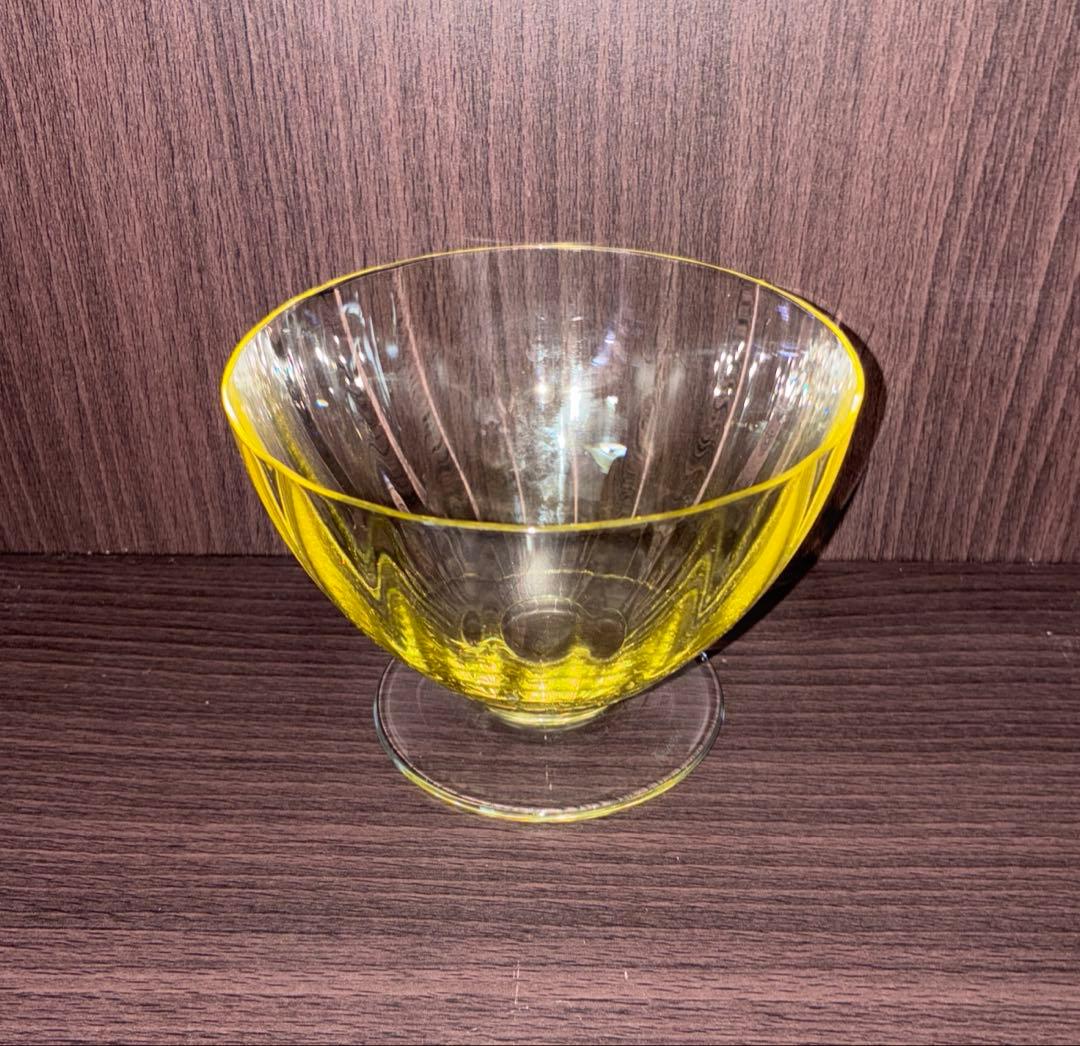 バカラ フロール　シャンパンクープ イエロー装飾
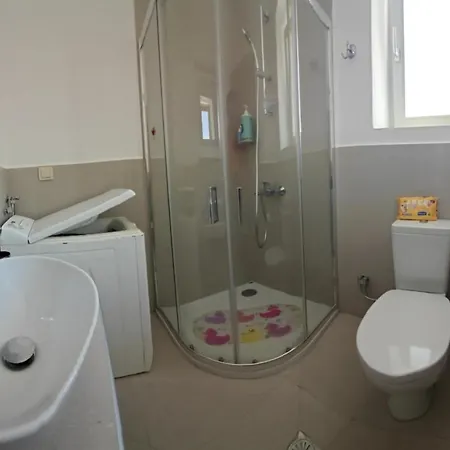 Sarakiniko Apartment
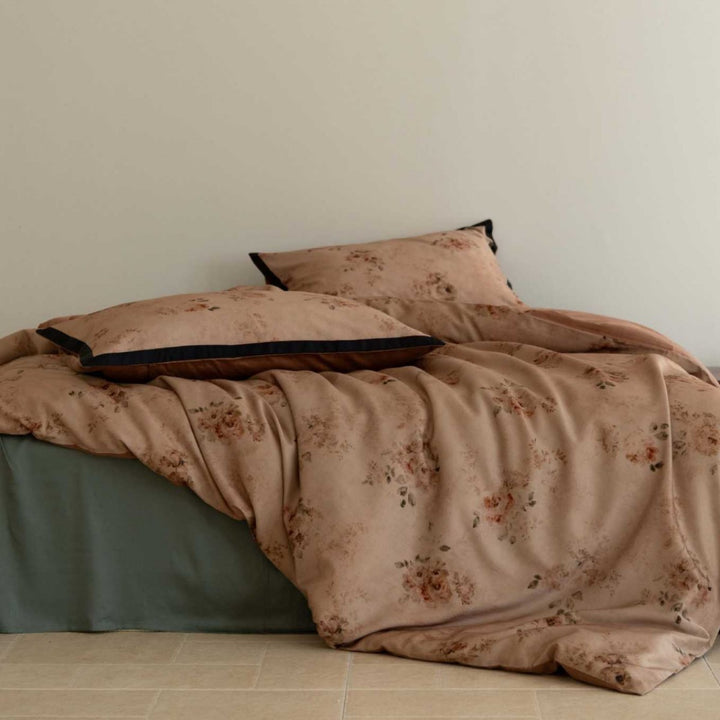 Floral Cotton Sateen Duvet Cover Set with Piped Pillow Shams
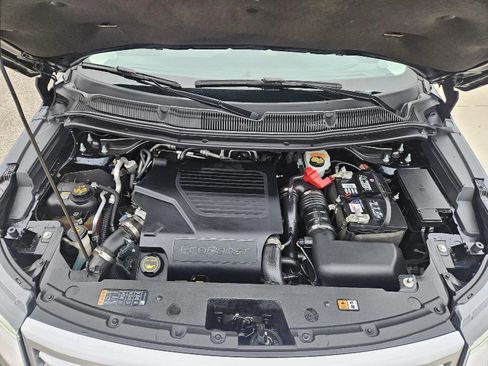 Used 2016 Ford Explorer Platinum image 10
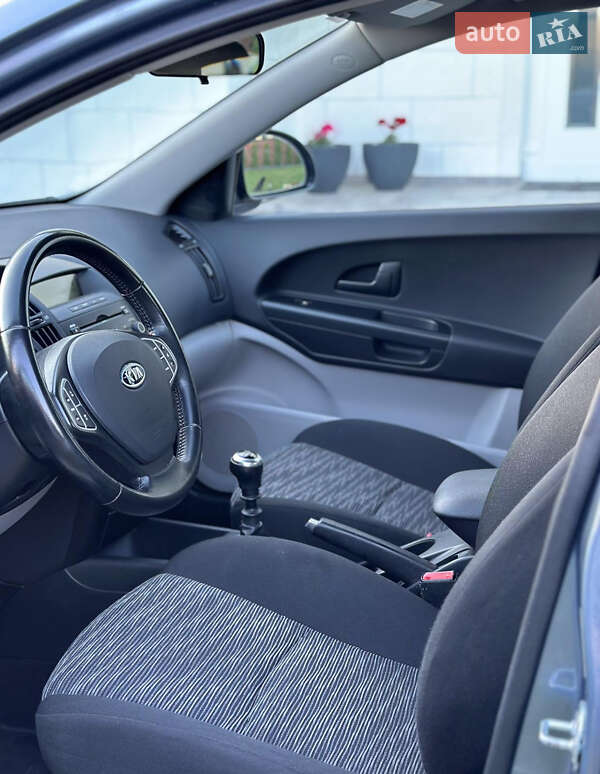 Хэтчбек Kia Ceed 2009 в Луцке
____________________
WORK REQUIRED:
Copy all the data exactly as written, but skip any picture.

PROBLEM SOLUTION:
 バカラ フロール　シャンパンクープ イエロー装飾
 Sarakiniko Apartment
 Floral Cotton Sateen Duvet Cover Set with Piped Pillow Shams
 Used 2016 Ford Explorer Platinum image 10
 Хэтчбек Kia Ceed 2009 в Луцке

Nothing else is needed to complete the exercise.